I was instead prompted to create an account on Talend’s Exchange, a community for sharing custom components among Talend users. TOS now includes a portal to the Exchange, which is also accessible through the Web, into the product’s main interface. I managed to find a useful component for posting updates to Twitter in the Exchange, but I had to visit the Website to download this component-possibly because the component was marked as supporting only 4.x versions of TOS.
For a TOS test case, I set out to automate the reposting of my public updates on Google+ to my Twitter stream, pairing Talend’s JSON data components with the Google+ API, and the Twitter posting component I mentioned above with my Twitter account. In between, I used a Talend tMap component to combine multiple elements from the Google+ stream into the single message for posting to Twitter.

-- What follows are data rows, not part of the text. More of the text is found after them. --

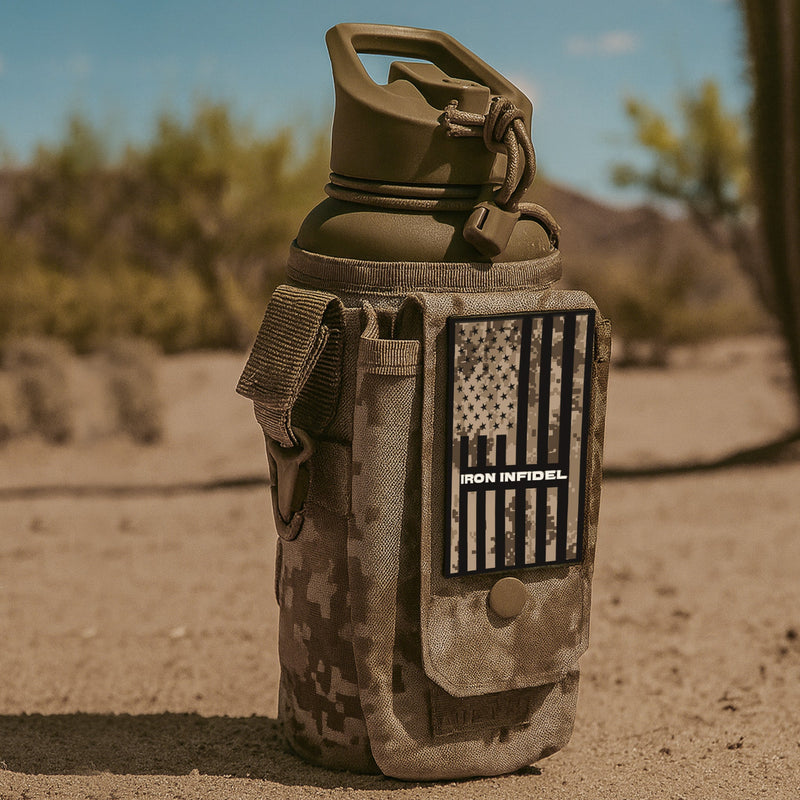 Load image into Gallery viewer, 32oz Compact Battle Bottles
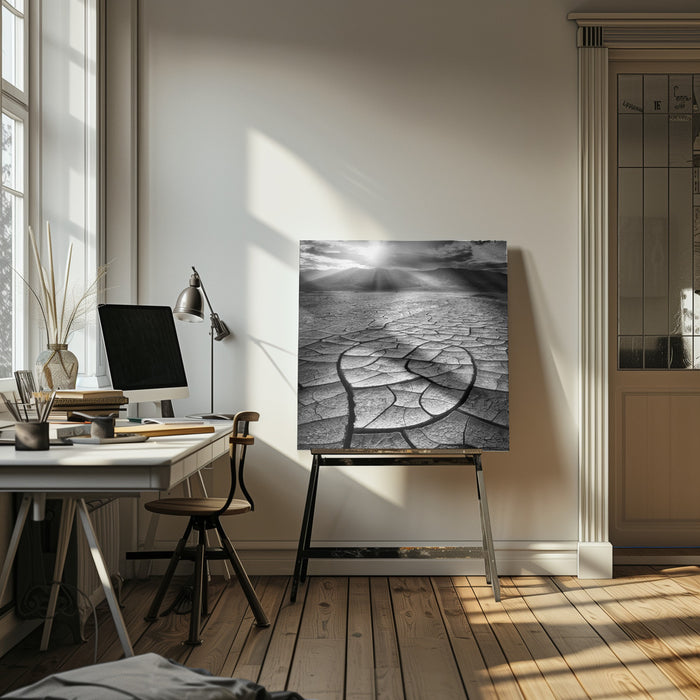 Arid by Yi Fan Square Canvas Print Art for Modern Home Decor. Decorate your office or living room with canvas artwork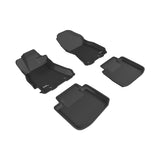 3D Maxpider KAGU Floor Mat, BLACK, 1ST ROW/2ND ROW (L1SB01301509)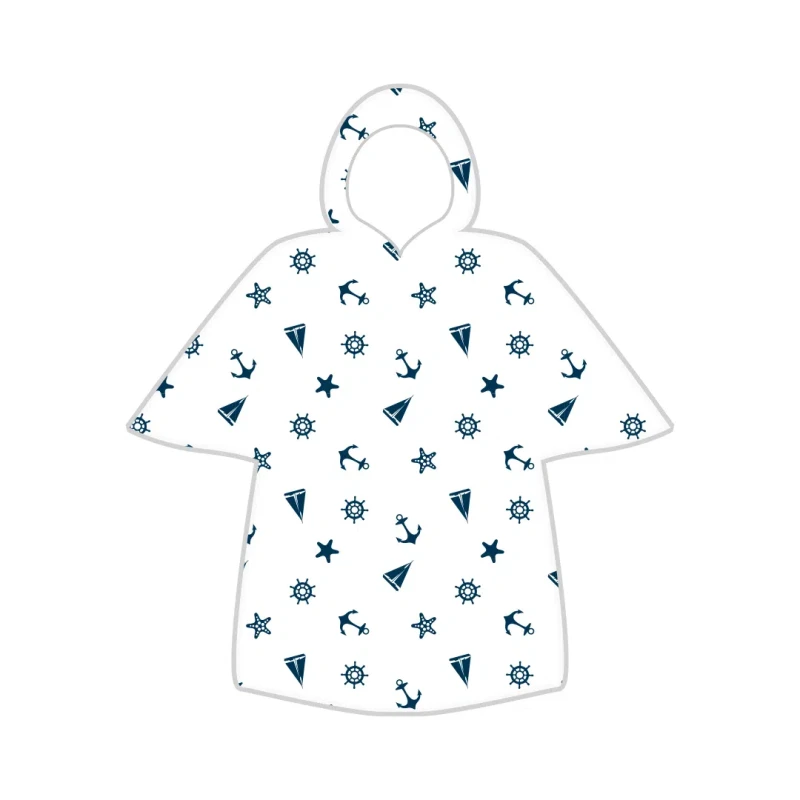 Ponczo przeciwdeszczowe dla dorosłych multiplikacja Captain Mike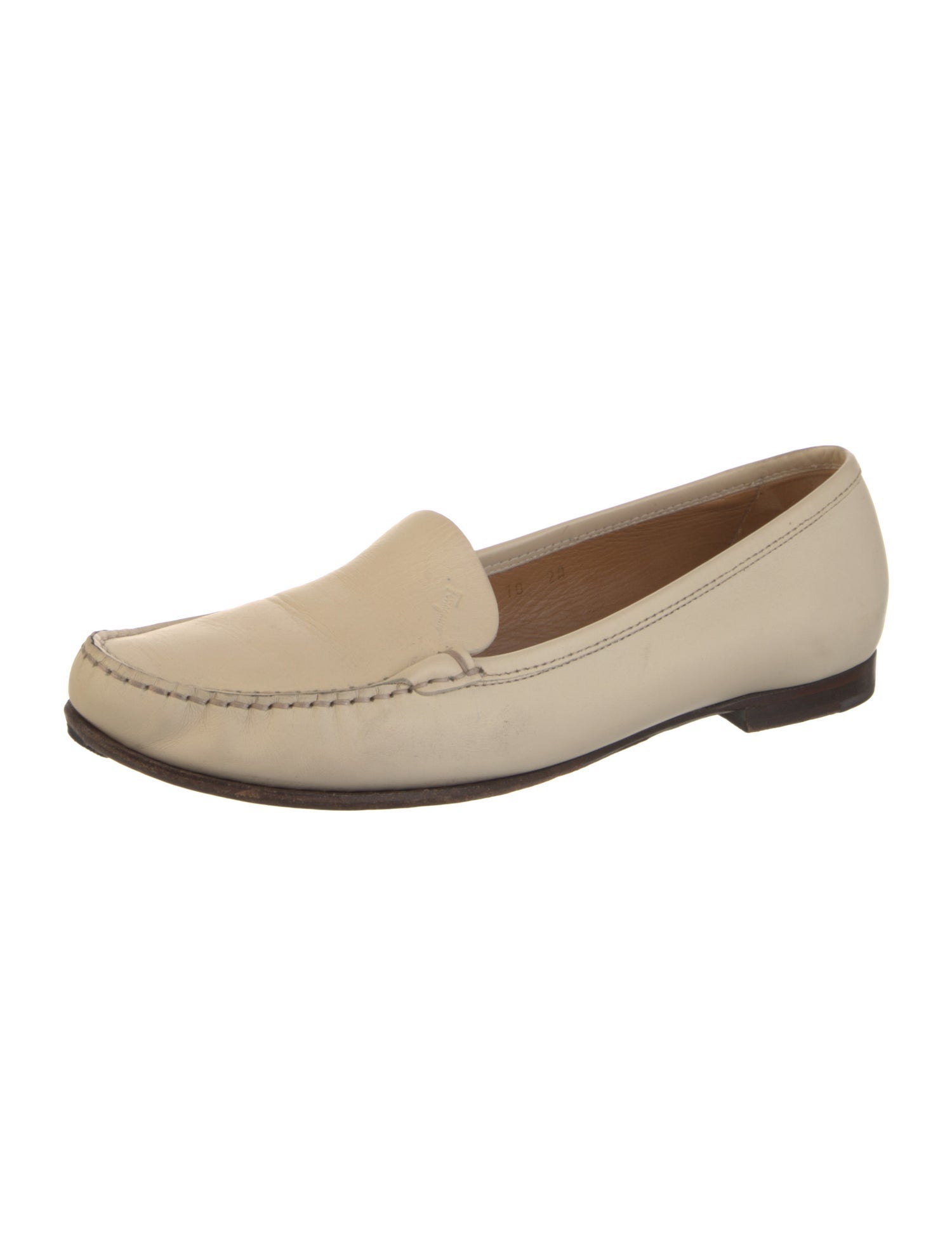 Ferragamo Gancini Logo Leather Loafers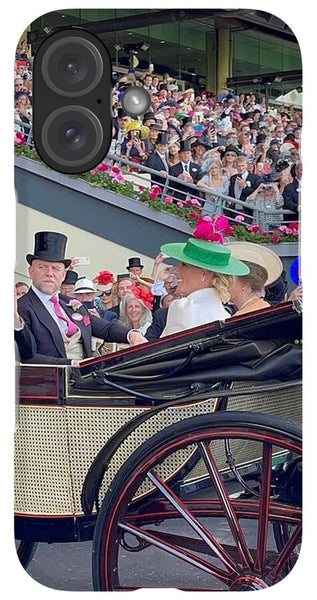 Royal Procession with Elegant Attire at the Ascott - Phone Case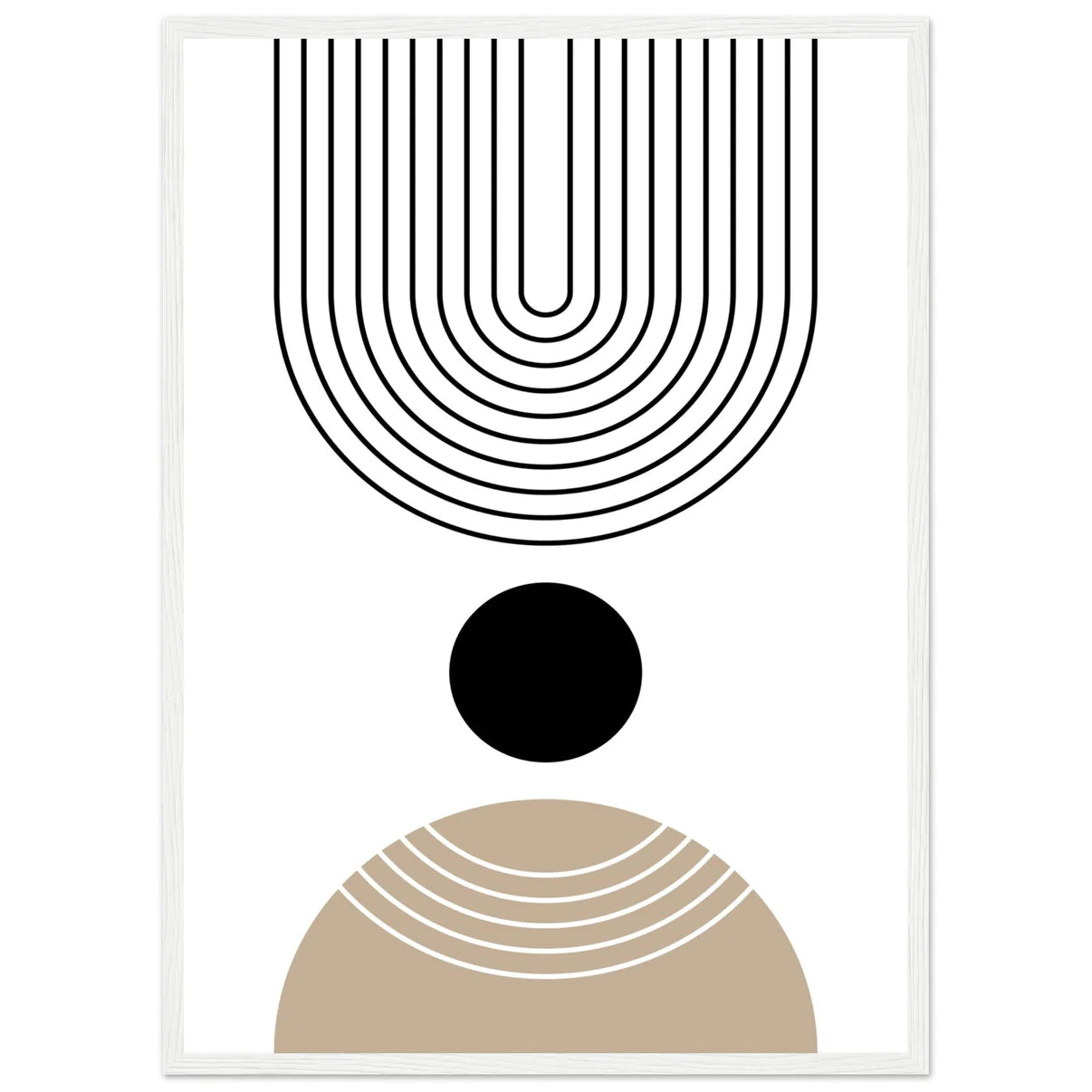 Black Minimalist Print - The Trendy Art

I found it easy to drag data components from the tool’s palettes to a design canvas on which I created data integration jobs. The most challenging part of the process turned out to be parsing the JSON data from Google+, particularly when neighboring posts in my stream included different pieces of data. For instance, posts consisting of a single chunk of text lacked the URL and image attachments of shared story links.

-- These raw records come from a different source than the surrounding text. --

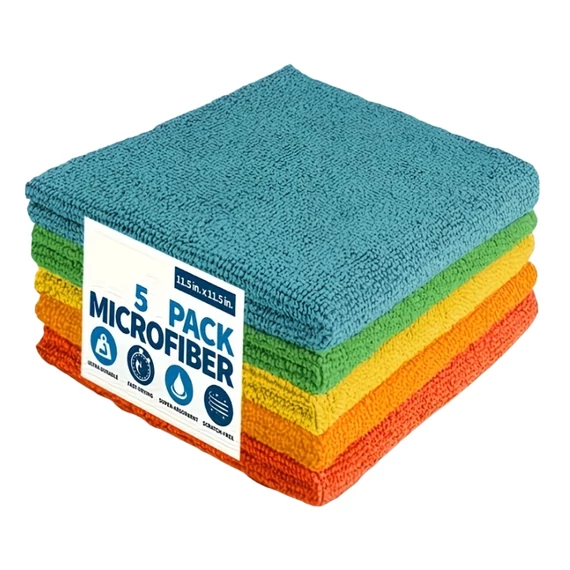 5 db mikroszálas tisztítókendő 25 × 25 cm WA2384912-2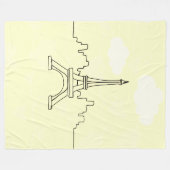 Manta Polar Torre Eiffel Fleece Deken (Voorkant (Horizontaal))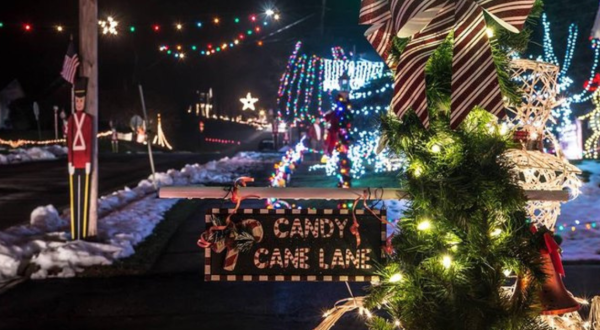 Plan A Visit Now To The Best Neighborhood Christmas Light Display In Pennsylvania At Candy Cane Lane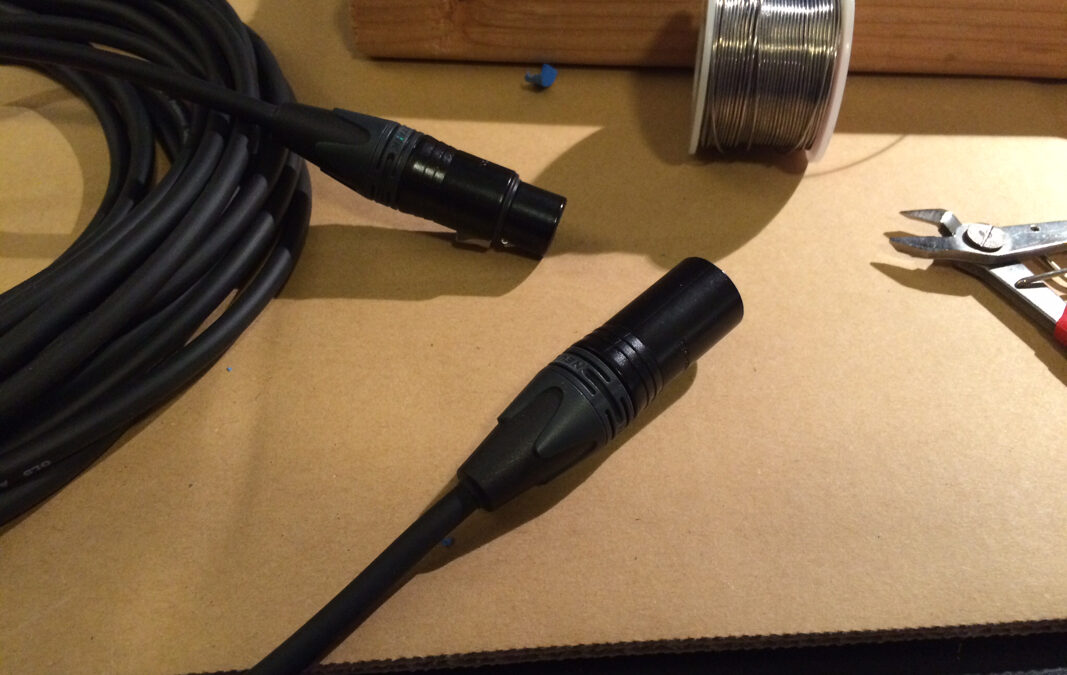Making your own XLR cables (studio DIY)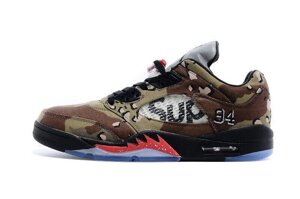 Кросівки чоловічі Nike Air Jordan 5 Low "Camo" x Supreme / AJM-449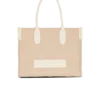 Borsa tote B-Army 36 in tela jacquard con monogramma e pelle Borsa tote B-Army 36 in tela jacquard con monogramma e pelle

One of the newer feature additions to Talend Open Studio is an XML mapping tool that helps users grab the data they want from an XML source, much like the tools for sussing out the structure of CSV or other delimited data types that the product has long included.
In future versions of Talend Open Studio, I’d like to see a similar tool aimed at JSON-formatted input. In recent years, JSON has been overtaking XML in many of the Web service APIs that I encounter, and a stronger set of tools around JSON would be a welcome addition to the product.
During my tests, I worked on my job at my home and office machines, and found that it was easy to export my in-progress job to an archive file and import it onto my active system. When the time comes to deploy my job, TOS makes it easy to wrap up the job code and any dependencies into a WAR file for deployment on a Java application server.